Sevgili Arkadaşım Halil,
Hak mücadelesini , sağlam bir fikri zemine oturtmadan, hedef belirleyip strateji geliştirmeden , sokağa çıktığınızda sizi hamamböceği gibi ezerler. Bu haksık ve namussuz sistemden şikayetçi olan topu topu 70-80 kişiyiz. şirketlerde ücretli çalışanlar seslerini çıkartmıyorlar. Dün sahada olup bugün 3-5 kuruş para denkleştirerek şirket ortağı olan arkadaşalar saflarını belirlemek için bu hak mücadelesinin sonucunu bekliyorlar.

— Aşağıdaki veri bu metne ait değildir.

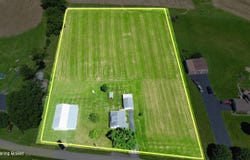 460 Lawrenceburg Loop, Bloomfield, KY 40008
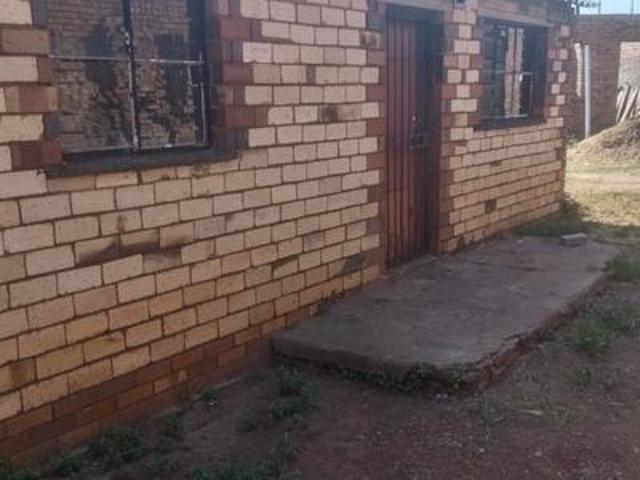 2 bedroom house available for rent i.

Taksim, Kızılay ya da Konak meydanında toplanmaya kalksak 13 kişi ya gelir ya gelmez. Sosyolojiik manada "adi kalabalık" bile olamayız. 3 gün işi bıraksak 4. gün aynı işi yine biz yapacağız. ınsanlar, ev almaktan vaz mı geçeçekler? Bu aşamada; değil sokağa, gerilla olup dağa çıksak bile nafile.
Yıllardır, yazıp çiziyoruz. Bizler, daha niye feveran ettiğimizi kendi meslektaşlarımıza bile anlatamadık. 3 günde Türk kamuoyuna mı anlatacağız? Vatandaşın tepkisi eminim ki: " arpaları az gelmiş, aldıkları rüşvet yetmiyor" olacaktır. Bugün itibariyle yaptığımız iş; vatandaşın gözünde "pezevenlikten" daha değersiz. Nedenlerini herkes biliyor.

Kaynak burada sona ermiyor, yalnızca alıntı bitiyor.